I’ve been listening to this song for 30 years now and I still have no idea what it’s about. At the time of its release I assumed it was about something deep, given that lead singer Ian McCulloch was obviously an intellectual. Except, as I later discovered, he was far from being an intellectual. I can’t remember where I read it (probably in one of Simon Reynolds’ essays on post-Punk) but he didn’t even like books. In fact, he was a bit of an oaf.
Except, of course, he wasn’t. He was great-looking and tortured-looking and was, from around 1982-1985, the model for 95% of skinny college boys. He looked the part. And with the Bunnymen’s lyrics, and with the forcefulness of his delivery, he certainly sounded the part.

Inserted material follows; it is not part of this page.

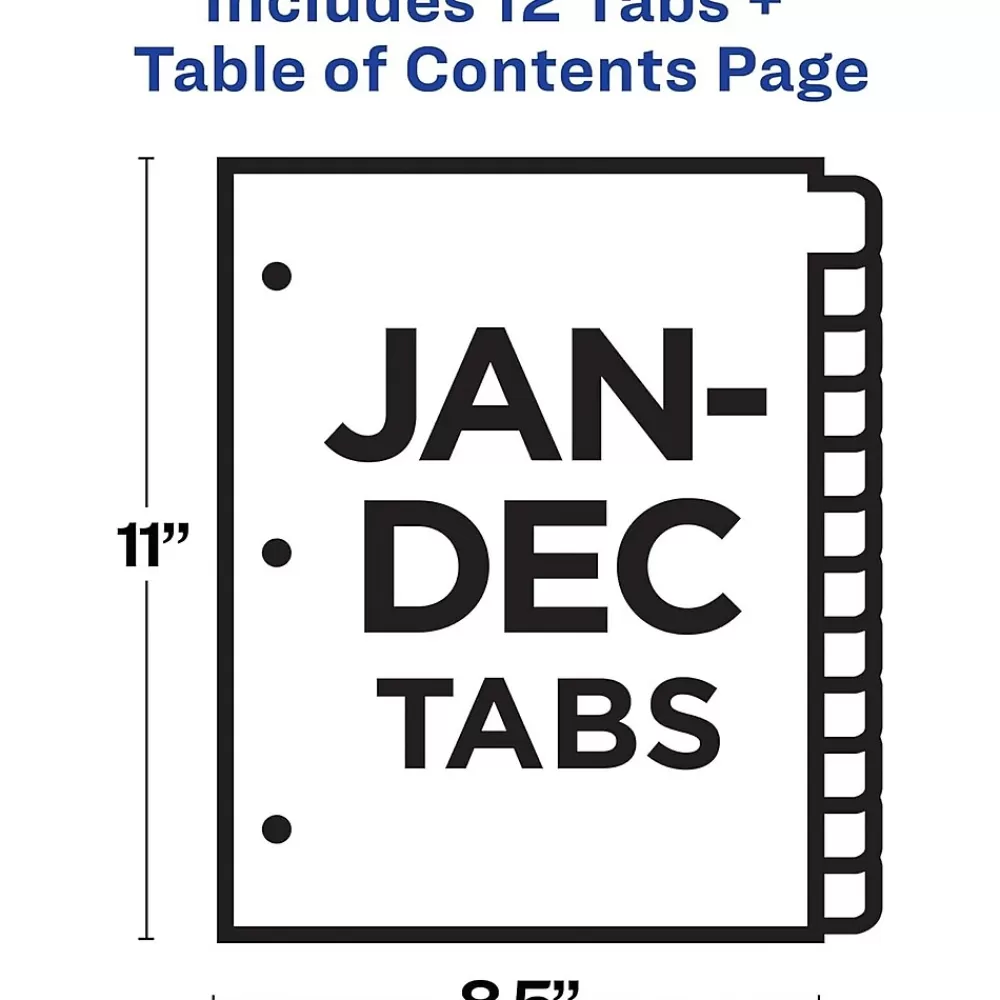 Avery Dividers<Office Essentials Table 'n Tabs Pre-Printed Monthly Paper Divider, Jan-Dec Tabs, Multicolor, 1 Set (AVE11679)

Anyway. What matters here is that the song is a massive slab of tuneful bombast that grabs you by the throat and ears and doesn’t let up. The electric violin signals that we’re in for something grand, with slices of guitar, crashing guitars, a throbbing bassline, soaring horns and, above it all, McCulloch’s Valkyriean vocal. The best bit is when, without letting up on the energy, the song shifts to a different key and becomes something more joyous and, with McCulloch toning it down a bit, something a little more intimate. The bridge bit at 1:45: “Am I the happy loss, will I still recoil….”
It’s an utterly thrilling record and one that backs up McCulloch’s claim that Echo and The Bunnymen were the greatest band in the world. They weren’t, of course – but during The Cutter’s four minutes you might just be convinced that they were.